This post is a fun exercise in reinterpreting Western literature through Libyan eyes, the result of a crazy Ramadan morning on Twitter.
Hajer and Deeja (also known as @leftyuser and @_, my fellow bookworms-in-arms and all-around amazing Libyan ladies, started a whirlwind conversation (no doubt brought on by fasting and lack of sleep) on rewriting our favorite books with a Libyan setting. The results were so hilarious I felt compelled to share them here. (CAUTION: Spoiler Alert if you haven’t read these yet)
1. A Tale of Two Cities: The story of Benghazi and Tripoli, and the hardships the people of these two cities face during the revolution.
2. Pride and Prejudice: Elissa and Jannah, two keen, witty Libyan sisters, must deal with their mother’s incessant badgering to get married to rich man, in a society where marriage determines a woman’s worth.
3. The Great Gatsby: A shady young member of the “thuwar” (revolutionaries), who was once poor, mysteriously becomes very wealthy after enlisting to fight in the revolution.

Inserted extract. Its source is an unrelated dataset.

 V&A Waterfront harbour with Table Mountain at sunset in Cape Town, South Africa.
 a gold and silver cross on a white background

He uses the money to try and get back his girl.
4. Alice in Wonderland: A young American girl finds herself in Libya, a strange country inhabited by the most bizarre creatures who, in turn, find her to be very foreign.

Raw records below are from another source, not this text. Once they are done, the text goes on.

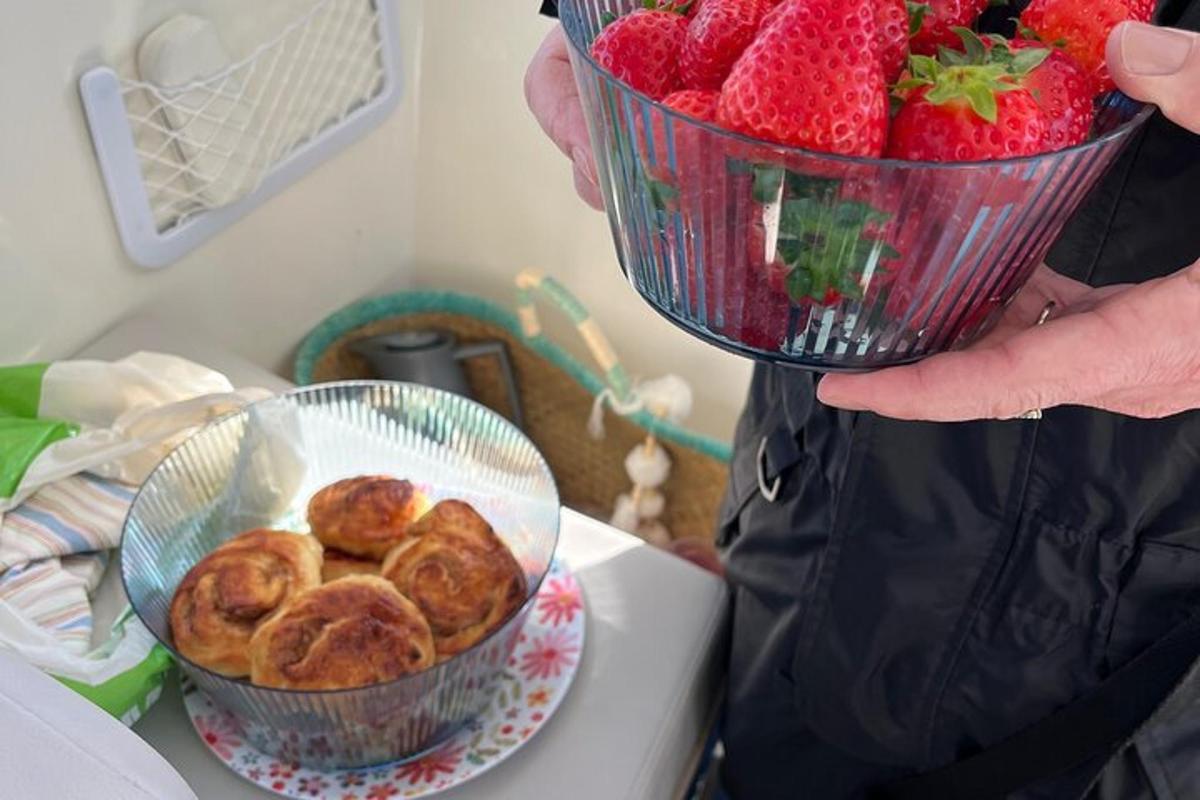 a person holding a bowl of strawberries and a bowl of pastries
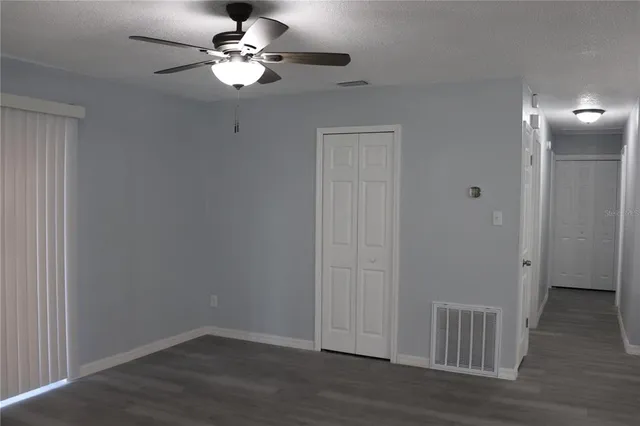 a view of a room with wooden floor
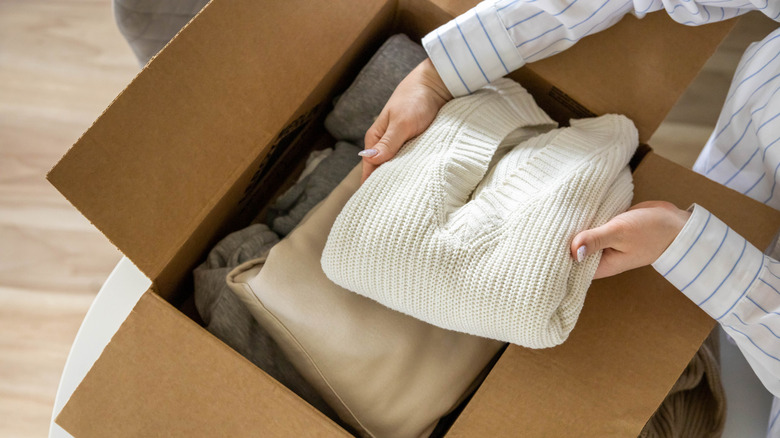 Woman packing folded sweaters into a cardboard box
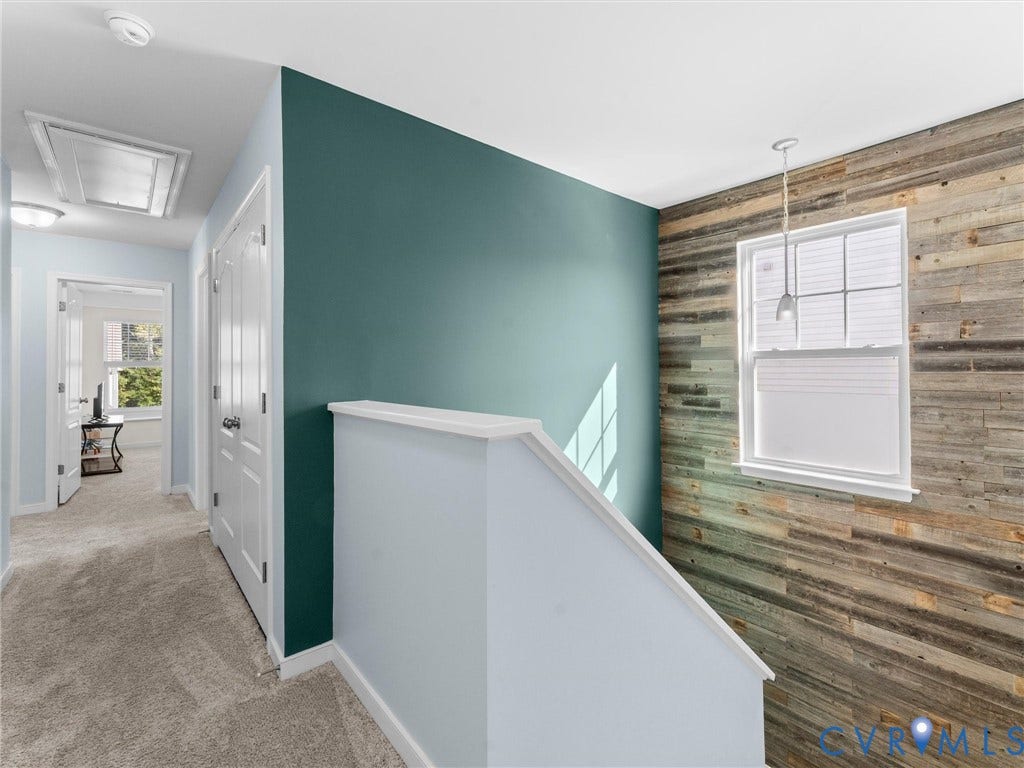 5726 Gossamer Place, Wynwood At FoxCreek, Moseley, VA 23120 Hallway featuring an accent wall with wood-finish paneling, a secondary deep-toned accent wall, and a single-light pendant fixture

5. Crime and Punishment: A troubled former Libyan student kills an old woman and her sister, because in his mind, he is better than everyone else.
6. Animal Farm: The pigs (GNC members) try to cement their power after the revolution, by training dogs (militias) to intimidate and scare the people (farm animals) to keep them in check. All Libyans are equal, but some Libyans are more equal than others.
7. Harry Potter 5: Dolores Gheryani is brought into the country to “properly educate” the people, but instead forces rules, ruins education and tries to punish the citizen that don’t obey him. It’s no wonder his close friend is Lucius Sweihli.
8. The Arcana Chronicles: A post-apocalyptic Libya with unspeakable terrors and corruption, and an evil militia that kidnaps and tortures wherever they go. People must go to great lengths for basic survival and fight for an uncertain future.
9. The Handmaid’s Tale: After a terrorist attack that leads to the establishment of ISIS in Libya (an extremist military government), an ultra-conservative society forms where women are stripped of all their basic rights and are closely controlled.
10. The Fault in Our Stars: A sick nation falls in love with a captivating revolution that sweeps them off their feet. But the revolution couldn’t live for very long, creating a tragic romance. Aptly renamed to The Fault in Our Revolution.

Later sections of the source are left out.